Rationale: Palliative care is offered to those patients who might have curable treatment options but may end up failing, diseases or conditions that require long term treatment to maintain a high quality of life, conditions that are progressive, and diseases that can lead to health complications. Palliative care helps to prevent and relieve symptoms associated with a disease or condition to ensure patients quality of life is maintained during treatment. Aside from maintaining that patients quality of life they aid in supporting the patient and family emotionally and psychosocially.

19
Q
  1. 68-year-old female patient presents with difficulty in concentration, apprehension, sweating and hyperventilation in relation to certain situations for the past 2 years. You diagnose her with generalized anxiety disorder and know all of the following are true, except
    a. Anxiety can be self-generating since symptoms can reinforce the reaction.
    b. Anxiety disorders are some of the most common psychiatric disorders.
    c. Benzodiazepines are the best options for treatment.
    d. Psychological and somatic symptoms are both principal components of anxiety.
A

c. Benzodiazepines are the best options for treatment.

Rationale: Although benzodiazepines can be beneficial in brief acute management, antidepressants and behavioral techniques are first line treatment in order to help relieve anxiety.

20
Q
  1. A patient comes in with complaints of chronic pain.
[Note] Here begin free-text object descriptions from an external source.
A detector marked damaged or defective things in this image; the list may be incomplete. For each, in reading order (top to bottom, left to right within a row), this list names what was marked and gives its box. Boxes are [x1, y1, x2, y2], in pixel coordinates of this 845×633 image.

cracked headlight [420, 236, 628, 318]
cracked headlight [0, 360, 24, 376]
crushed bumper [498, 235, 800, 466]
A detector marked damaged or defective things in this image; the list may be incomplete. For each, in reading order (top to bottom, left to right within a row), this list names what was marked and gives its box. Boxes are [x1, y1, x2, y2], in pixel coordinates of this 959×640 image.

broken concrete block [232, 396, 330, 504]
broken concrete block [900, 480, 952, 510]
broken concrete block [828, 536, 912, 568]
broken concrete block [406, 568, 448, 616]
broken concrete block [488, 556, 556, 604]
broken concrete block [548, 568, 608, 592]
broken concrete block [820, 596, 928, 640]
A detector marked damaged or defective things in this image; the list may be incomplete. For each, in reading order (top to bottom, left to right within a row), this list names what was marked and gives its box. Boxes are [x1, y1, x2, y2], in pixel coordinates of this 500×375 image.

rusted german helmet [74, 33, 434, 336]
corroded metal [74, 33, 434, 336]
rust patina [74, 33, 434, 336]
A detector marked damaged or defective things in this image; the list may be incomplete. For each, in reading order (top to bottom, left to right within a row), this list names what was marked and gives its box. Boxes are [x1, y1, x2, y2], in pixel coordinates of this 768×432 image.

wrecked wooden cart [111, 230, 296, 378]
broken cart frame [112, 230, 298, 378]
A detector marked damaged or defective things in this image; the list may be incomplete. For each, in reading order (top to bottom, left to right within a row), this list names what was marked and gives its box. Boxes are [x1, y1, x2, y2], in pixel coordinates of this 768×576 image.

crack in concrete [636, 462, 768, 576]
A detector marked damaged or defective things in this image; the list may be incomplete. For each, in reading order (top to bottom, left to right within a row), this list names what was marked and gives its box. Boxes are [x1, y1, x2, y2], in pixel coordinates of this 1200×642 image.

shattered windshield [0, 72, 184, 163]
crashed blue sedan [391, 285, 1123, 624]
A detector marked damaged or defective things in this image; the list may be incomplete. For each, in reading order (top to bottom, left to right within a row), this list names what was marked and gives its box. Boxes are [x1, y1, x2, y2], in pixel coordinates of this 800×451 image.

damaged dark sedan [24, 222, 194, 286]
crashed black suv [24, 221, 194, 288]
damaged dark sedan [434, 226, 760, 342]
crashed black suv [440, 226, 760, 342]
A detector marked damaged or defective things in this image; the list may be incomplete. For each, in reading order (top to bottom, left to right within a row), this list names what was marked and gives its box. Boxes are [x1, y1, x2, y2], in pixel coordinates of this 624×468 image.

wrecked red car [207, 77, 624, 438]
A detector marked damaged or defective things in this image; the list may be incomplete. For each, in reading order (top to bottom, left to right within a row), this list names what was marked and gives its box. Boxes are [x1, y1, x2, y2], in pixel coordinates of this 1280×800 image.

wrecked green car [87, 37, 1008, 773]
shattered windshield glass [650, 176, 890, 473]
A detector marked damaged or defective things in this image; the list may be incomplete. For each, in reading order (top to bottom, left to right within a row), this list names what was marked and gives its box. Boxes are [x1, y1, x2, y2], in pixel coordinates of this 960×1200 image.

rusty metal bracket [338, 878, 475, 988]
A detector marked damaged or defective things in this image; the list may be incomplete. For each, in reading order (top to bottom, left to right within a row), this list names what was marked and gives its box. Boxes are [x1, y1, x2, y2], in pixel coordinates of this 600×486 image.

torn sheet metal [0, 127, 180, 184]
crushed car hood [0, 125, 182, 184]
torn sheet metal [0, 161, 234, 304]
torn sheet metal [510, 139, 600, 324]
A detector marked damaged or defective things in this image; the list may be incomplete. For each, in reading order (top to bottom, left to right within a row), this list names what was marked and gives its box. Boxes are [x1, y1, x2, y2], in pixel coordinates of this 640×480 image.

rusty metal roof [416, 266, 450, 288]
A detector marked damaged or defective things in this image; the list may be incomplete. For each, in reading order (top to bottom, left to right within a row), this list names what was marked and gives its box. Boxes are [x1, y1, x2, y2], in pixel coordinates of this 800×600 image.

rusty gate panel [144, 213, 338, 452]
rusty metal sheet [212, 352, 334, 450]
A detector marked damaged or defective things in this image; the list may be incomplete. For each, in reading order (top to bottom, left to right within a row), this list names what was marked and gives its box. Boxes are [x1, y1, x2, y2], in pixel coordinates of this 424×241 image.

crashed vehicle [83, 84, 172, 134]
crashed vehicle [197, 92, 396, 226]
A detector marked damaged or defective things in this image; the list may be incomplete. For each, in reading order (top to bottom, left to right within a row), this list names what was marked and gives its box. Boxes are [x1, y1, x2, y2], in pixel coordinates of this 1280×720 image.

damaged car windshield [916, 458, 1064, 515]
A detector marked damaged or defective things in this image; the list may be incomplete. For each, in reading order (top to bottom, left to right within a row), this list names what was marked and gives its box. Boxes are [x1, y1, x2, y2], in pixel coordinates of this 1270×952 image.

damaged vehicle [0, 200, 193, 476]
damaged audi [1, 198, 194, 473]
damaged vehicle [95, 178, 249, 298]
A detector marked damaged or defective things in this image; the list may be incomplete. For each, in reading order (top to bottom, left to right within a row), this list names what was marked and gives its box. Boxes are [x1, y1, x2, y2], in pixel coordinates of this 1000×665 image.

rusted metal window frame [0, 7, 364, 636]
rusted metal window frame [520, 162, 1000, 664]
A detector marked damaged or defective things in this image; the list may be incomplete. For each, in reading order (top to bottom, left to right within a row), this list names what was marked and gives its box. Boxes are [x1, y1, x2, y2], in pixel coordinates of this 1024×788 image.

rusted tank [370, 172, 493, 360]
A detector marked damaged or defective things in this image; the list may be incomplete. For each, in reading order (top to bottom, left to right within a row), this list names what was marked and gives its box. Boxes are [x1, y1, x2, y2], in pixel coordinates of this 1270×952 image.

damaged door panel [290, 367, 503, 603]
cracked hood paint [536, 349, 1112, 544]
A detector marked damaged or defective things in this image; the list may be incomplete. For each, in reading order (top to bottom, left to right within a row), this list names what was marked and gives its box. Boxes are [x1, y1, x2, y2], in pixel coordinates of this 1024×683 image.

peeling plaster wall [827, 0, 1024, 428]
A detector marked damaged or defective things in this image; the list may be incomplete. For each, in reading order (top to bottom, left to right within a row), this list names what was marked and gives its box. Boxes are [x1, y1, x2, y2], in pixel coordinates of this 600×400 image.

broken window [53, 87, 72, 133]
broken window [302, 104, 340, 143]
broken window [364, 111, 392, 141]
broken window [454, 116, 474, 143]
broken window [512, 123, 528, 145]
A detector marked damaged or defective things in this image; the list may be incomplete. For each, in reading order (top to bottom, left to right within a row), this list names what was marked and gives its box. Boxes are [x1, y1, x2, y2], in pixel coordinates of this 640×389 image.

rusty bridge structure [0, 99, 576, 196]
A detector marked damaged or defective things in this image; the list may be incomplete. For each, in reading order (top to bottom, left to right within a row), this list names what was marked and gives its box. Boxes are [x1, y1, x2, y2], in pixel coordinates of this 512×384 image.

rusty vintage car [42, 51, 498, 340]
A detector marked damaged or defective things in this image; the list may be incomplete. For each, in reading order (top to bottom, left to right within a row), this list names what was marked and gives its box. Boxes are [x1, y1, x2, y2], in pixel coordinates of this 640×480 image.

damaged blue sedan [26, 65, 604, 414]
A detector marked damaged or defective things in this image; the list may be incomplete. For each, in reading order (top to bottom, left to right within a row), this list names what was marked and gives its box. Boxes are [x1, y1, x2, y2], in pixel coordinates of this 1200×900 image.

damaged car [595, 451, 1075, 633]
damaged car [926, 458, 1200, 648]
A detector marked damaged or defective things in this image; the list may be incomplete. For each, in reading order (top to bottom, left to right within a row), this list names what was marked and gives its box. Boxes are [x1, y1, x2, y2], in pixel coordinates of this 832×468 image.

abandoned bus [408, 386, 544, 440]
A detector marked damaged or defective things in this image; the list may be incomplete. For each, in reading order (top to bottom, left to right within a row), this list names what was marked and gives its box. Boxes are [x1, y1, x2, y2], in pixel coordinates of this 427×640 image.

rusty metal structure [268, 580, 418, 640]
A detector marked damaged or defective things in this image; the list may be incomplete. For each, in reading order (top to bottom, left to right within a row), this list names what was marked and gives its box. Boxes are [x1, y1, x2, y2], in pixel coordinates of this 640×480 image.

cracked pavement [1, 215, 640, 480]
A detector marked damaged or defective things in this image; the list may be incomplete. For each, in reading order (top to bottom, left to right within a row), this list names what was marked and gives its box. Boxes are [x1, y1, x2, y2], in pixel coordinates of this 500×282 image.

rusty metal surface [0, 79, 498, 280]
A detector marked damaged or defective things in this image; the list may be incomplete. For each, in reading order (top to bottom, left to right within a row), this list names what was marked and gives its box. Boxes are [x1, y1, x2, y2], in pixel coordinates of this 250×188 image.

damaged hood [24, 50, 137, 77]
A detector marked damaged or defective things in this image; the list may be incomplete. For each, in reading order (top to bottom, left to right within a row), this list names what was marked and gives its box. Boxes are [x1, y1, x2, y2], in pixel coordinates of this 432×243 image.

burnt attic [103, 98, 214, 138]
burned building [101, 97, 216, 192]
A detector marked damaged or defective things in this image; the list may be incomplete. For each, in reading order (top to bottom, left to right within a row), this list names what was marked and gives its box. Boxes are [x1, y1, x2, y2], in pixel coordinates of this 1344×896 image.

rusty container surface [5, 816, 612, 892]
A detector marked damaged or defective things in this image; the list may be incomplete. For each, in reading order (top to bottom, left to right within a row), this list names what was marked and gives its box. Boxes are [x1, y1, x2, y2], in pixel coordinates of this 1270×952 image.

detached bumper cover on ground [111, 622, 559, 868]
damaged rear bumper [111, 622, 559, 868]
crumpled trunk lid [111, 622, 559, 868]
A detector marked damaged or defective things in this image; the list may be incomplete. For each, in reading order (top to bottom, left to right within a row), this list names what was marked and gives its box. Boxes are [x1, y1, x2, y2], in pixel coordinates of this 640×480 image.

They have seen many different providers, have had minimal relief with treatment, and frequently use nonspecific medications. Which of the following statements are true?
    a. A single provider should oversee a comprehensive approach involving behavioral, medical, social and psychological treatment.
    b. The pain isn’t real, it’s just in their head.
    c. Anxiety and depression should not be addressed since that’s not a component of chronic pain.
    d. Sympathy and attention is all that they need.
A

a. A single provider should oversee a comprehensive approach involving behavioral, medical, social and psychological treatment.

Rationale: a combination of approaches should be used in order to correctly identify and treat the chronic pain; this should be managed by one provider to prevent confusion. The pain is real to the patient and should be treated as such, but sympathy and attention can be positive reinforcers for the patient that can increase the behavior. Anxiety and depression are often components of chronic pain that should be addressed and treated.

21
Q
  1. A mother brings in her 15-year-old son in clinic for a sport physical who has brought his mother with him. The patient’s mother asks to talk to you outside of the room and states “I believe my son is using drugs. He has not been acting like himself lately, not doing good in school, and has a really bad temper. Can you test his urine for drugs?” As a practicing provider you respond and state:
    a. “I appreciate you bringing this problem to my attention, we will have the nurse get a urine sample from him.”
    b. “He seems like a great kid. Can you give me more reasons as to why you think he is doing drugs?”
    c. “We can get a urine sample from him, but we need to get his consent first.”
    d. “He is not old enough to get a urine sample from, it has to be a blood draw.”
A

c. “We can get a urine sample from him, but we need to get his consent first.”

Rationale: The patient needs to give consent and should have the procedure explained to them, even if they are a minor. The permission of the parent is not sufficient for involuntary screening of a minor.